-- Dataset content follows --

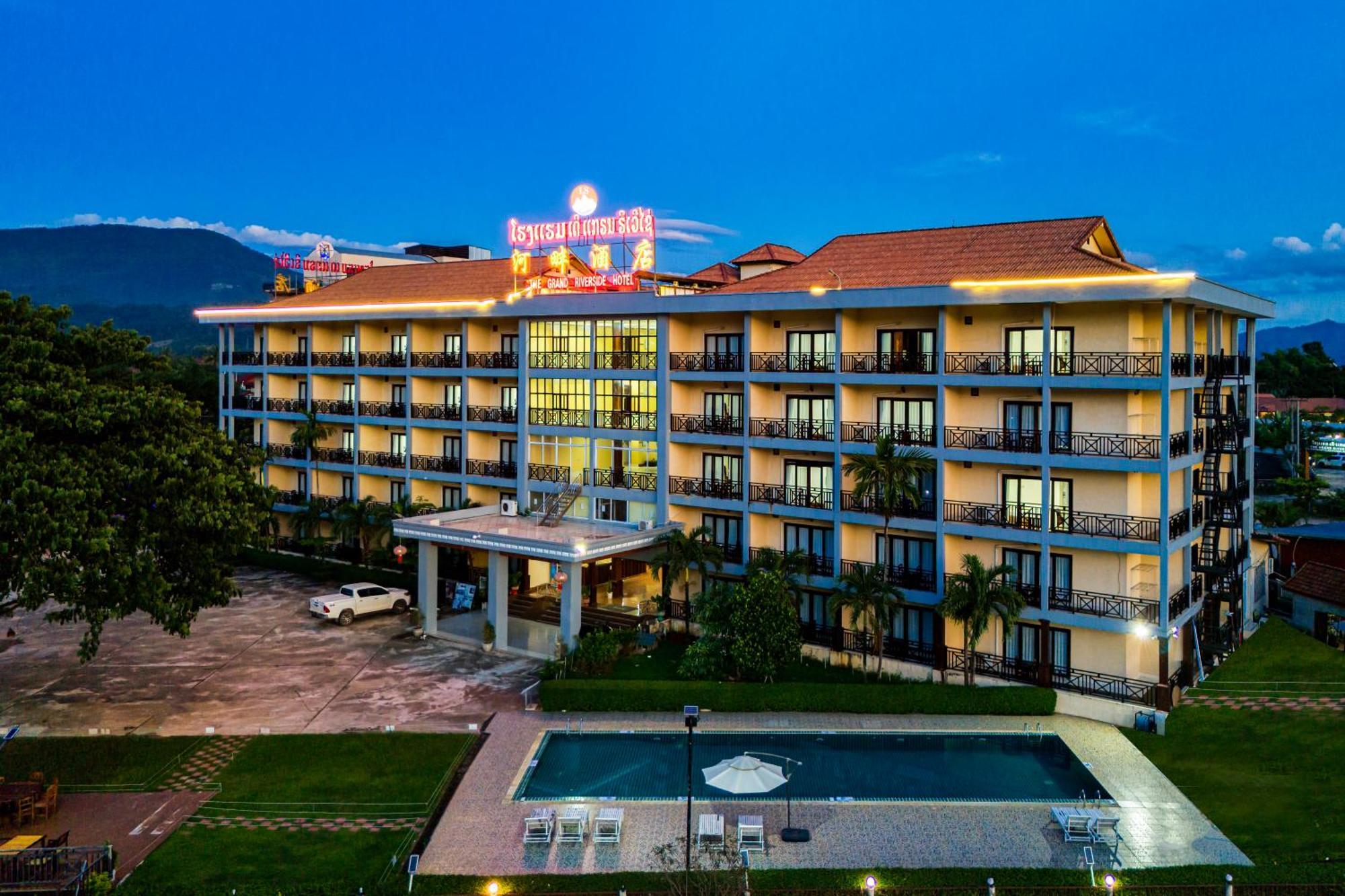 Lisha The Grand Riverside Hotel Vang Vieng Eksteriør billede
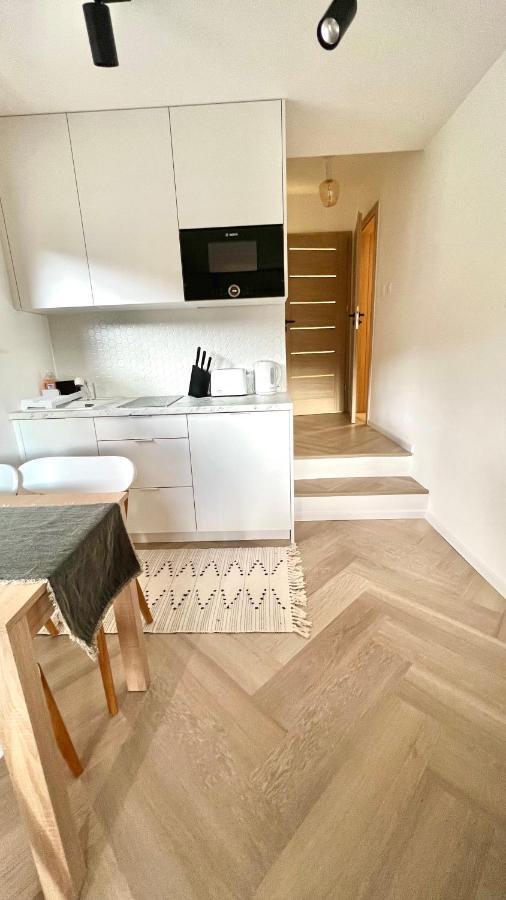 21 Apartament *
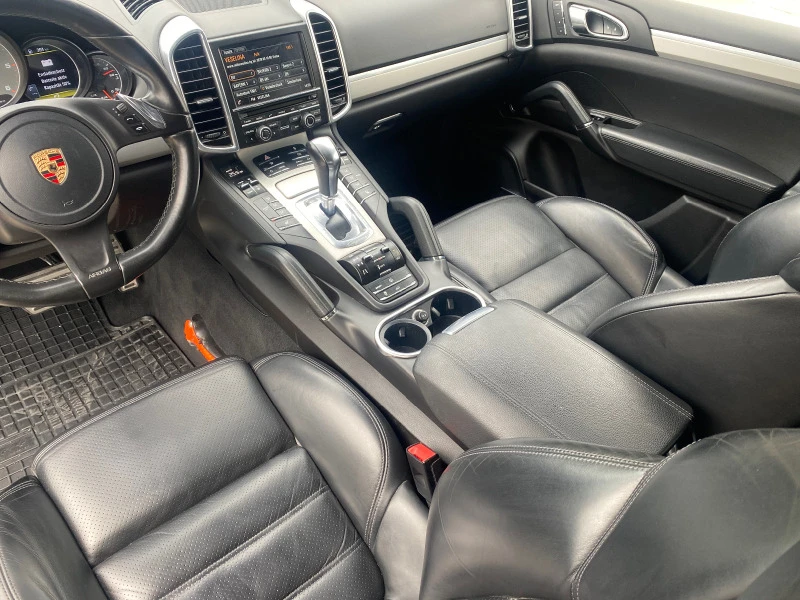 Porsche Cayenne S 4.2 tdi keyless pano full, снимка 11 - Автомобили и джипове - 39038869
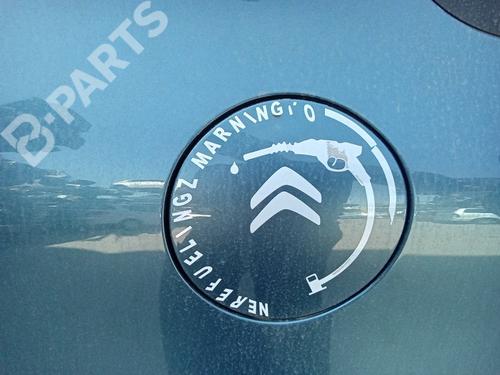 fuel-flap-citroen-c4-picasso-ii-16-hdi-90-2013-10163603 main image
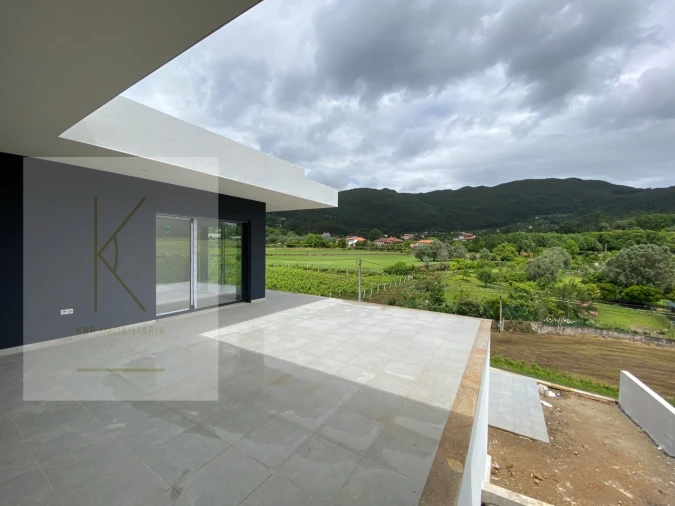 Moradia T4 para Venda em Cabração e Moreira do Lima Foto 18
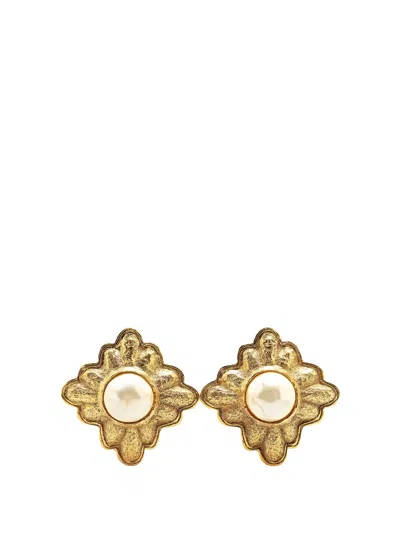 Pre-owned Chanel 20th Century Gold Plated Faux Pearl Clip On Earrings Costume Earrings
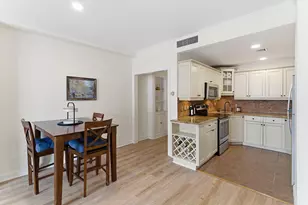 206 Shearwater Ct W, Jersey City, NJ 07305 - Photo 5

-- Dataset content concluded --

Task objective: Restate the data above exactly, stripping out each image.

Answer box:
 Lisha The Grand Riverside Hotel Vang Vieng Eksteriør billede
 21 Apartament *
 Porsche Cayenne S 4.2 tdi keyless pano full, снимка 11 - Автомобили и джипове - 39038869
 fuel-flap-citroen-c4-picasso-ii-16-hdi-90-2013-10163603 main image
 Moradia T4 para Venda em Cabração e Moreira do Lima Foto 18
 Pre-owned Chanel 20th Century Gold Plated Faux Pearl Clip On Earrings Costume Earrings
 206 Shearwater Ct W, Jersey City, NJ 07305 - Photo 5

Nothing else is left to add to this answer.